A CHALLENGING JOURNEY

Many visitors will explore the quiet forested trail along the Bogachiel River as an out-and-back hike. While they marvel at the massive trees and mosses along the route, many won’t realize that they’re also walking along part of the Pacific Northwest Trail. As of this moment, only the sign at the national forest trailhead mentions the young national scenic trail that passes through the valley.

For westbound thru-hikers making a 140-mile long traverse of the Olympic Mountains, the Bogachiel Trail segment of the PNT lies over 1,000 miles into their Crown-to-Coast adventures. By most accounts, the Bogachiel Trail measures 24 miles, a distance that many thru-hikers can easily do in a day — under the right conditions.

Until this summer, hikers have found this part of the park much woollier than expected. In recent years, hikers have even described it as a “bushwhack,” an activity that PNT hikers are quite familiar with. When trails become this ramshackle, forward progress comes with greater effort and at half the pace. 

For several years, hikers that have chosen to take the Bogachiel Trail and to stay faithful to the primary route of the PNT compared it to “a jungle gym” because they remember spending almost as much time climbing through tangles of massive downed trees as they do hiking along it. Others recall areas so thick and overgrown that they found themselves “boxing” through head-high brush and being unable to see their own feet beneath large-leaved plants. In places where the trail bed was hidden by salmonberry bushes and sword fern, hikers experienced what it was like to find the next safe place to step by feel alone.

Although most PNT hikers are prepared for rugged conditions and a few surprises along the route, the sheer number of downed trees and quantity of “type 2 fun” went far beyond what many had planned for. 

Unfortunately, many hikers would be too focused on the blowdowns to take in their surroundings and appreciate what makes the Bogachiel River Valley so special. 

 

Flood damage and jungle-like conditions along the 24-mile long trail segment have challenged trail crews for generations


THE BEGUILING BOGACHIEL VALLEY

Visitors from across the world come to Olympic National Park to marvel at the temperate rainforests there, so lush with plants growing on plants and some of the world’s largest trees that they inspire awe in all who behold them. 

The modest trails that help visitors tour these jungle-like valleys go largely unnoticed and blend seamlessly into the scenery, as they should. As it is with all the things humans build and use, it’s only when trails are most in need of service that we truly appreciate them.

“The lush forests in the Quinault, Queets, Hoh, and Bogachiel valleys are some of the most spectacular examples of primeval temperate rain forest in the lower 48 states.”  Olympic National Park

All trails need regular maintenance to stay in shape, of course. But primitive trails in temperate rain forests are exceptionally demanding for trail crews to keep tamed year after year. For hundreds of miles in Washington and Idaho, the PNT meanders through temperate rainforest valleys. In places like these, extended growing seasons fueled by heavy rainfall (up to 12-14 feet a year) and mild winters help plants and trees grow to impressive heights and at surprising speed. 

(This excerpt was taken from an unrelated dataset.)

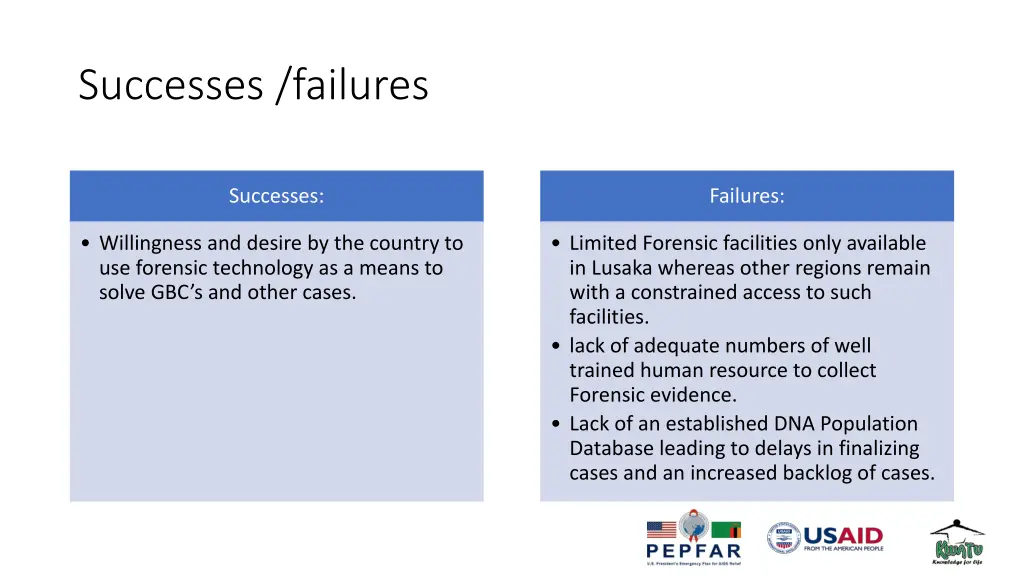successes failures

As local hikers well know, the same enormous trees that inspire visitors with awe can create big problems when they topple across trails each winter. Without frequent intervention, a hiking trail in the Pacific Northwest can transform into a gauntlet.

 

PNTA Olympic Trail Crew members cleared over 112 downed trees from the Bogachiel Trail during the summer of 2021 with some measuring over 48 inches in diameter


On the Bogachiel River Trail, the local flora wasn’t the only issue trail stewards had to contend with. Flooding caused by the untamed river has hammered the one hundred-year-old trail with a series of major washouts since it was first created. The trail has been rerouted many times in the last 42 years, mostly along the western end.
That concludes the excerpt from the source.